> WHAT TO WORK ON:
Below are entries; output exactly the lines from the one with "Bonito homem dirigindo" to the one with "[MoneyTalks] – Public", both included, and nothing else.

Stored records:

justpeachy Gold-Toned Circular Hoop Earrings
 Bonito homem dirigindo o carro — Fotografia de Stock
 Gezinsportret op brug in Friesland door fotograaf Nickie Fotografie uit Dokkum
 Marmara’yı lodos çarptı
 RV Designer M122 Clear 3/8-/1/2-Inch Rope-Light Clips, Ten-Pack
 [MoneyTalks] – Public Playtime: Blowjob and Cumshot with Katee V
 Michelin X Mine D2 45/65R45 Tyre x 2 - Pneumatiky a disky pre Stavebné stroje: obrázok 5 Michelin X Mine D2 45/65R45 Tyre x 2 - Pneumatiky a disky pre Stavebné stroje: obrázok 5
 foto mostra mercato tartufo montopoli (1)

> TASK OUTPUT:
 Bonito homem dirigindo o carro — Fotografia de Stock
 Gezinsportret op brug in Friesland door fotograaf Nickie Fotografie uit Dokkum
 Marmara’yı lodos çarptı
 RV Designer M122 Clear 3/8-/1/2-Inch Rope-Light Clips, Ten-Pack
 [MoneyTalks] – Public Playtime: Blowjob and Cumshot with Katee V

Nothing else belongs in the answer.